Data records:
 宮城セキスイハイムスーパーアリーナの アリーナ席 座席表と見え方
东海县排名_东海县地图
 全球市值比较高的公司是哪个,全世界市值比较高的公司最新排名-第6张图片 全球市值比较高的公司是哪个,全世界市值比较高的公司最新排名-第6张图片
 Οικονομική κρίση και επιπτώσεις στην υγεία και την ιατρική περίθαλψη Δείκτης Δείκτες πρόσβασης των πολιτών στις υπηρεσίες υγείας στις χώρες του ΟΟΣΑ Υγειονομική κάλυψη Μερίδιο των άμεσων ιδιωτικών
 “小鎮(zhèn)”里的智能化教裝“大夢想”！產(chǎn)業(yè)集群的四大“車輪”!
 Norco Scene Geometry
* * *
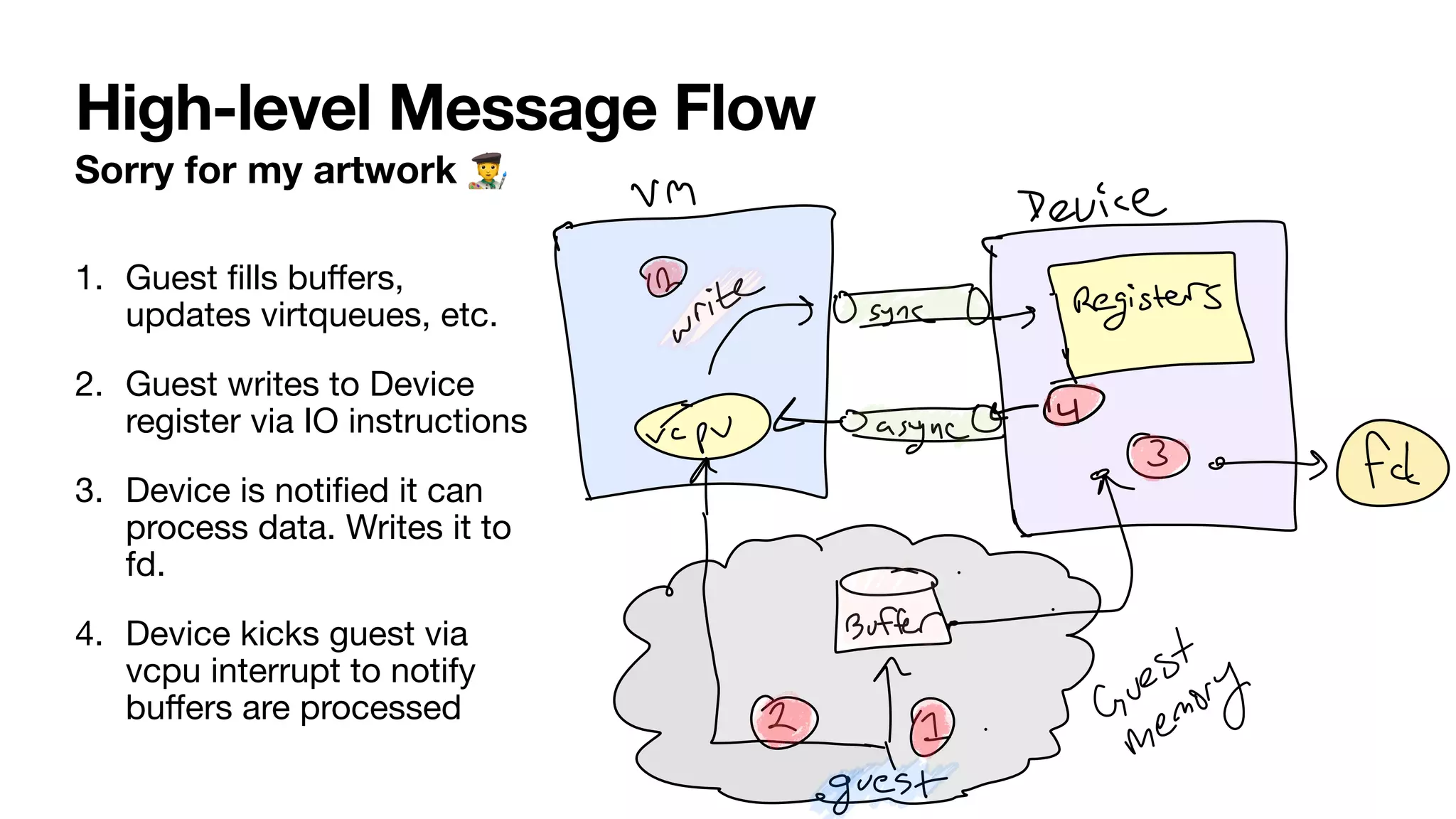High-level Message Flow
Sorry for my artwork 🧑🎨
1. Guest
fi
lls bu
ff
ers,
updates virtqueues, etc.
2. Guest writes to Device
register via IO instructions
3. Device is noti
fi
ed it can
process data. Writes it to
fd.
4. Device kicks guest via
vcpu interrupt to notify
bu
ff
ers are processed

What needs to be done:
From the entries above, extract only the lines running from the one containing "2. Guest writes to Device" through the one containing "ers are processed", inclusive.

Result for this task:
2. Guest writes to Device
register via IO instructions
3. Device is noti
fi
ed it can
process data. Writes it to
fd.
4. Device kicks guest via
vcpu interrupt to notify
bu
ff
ers are processed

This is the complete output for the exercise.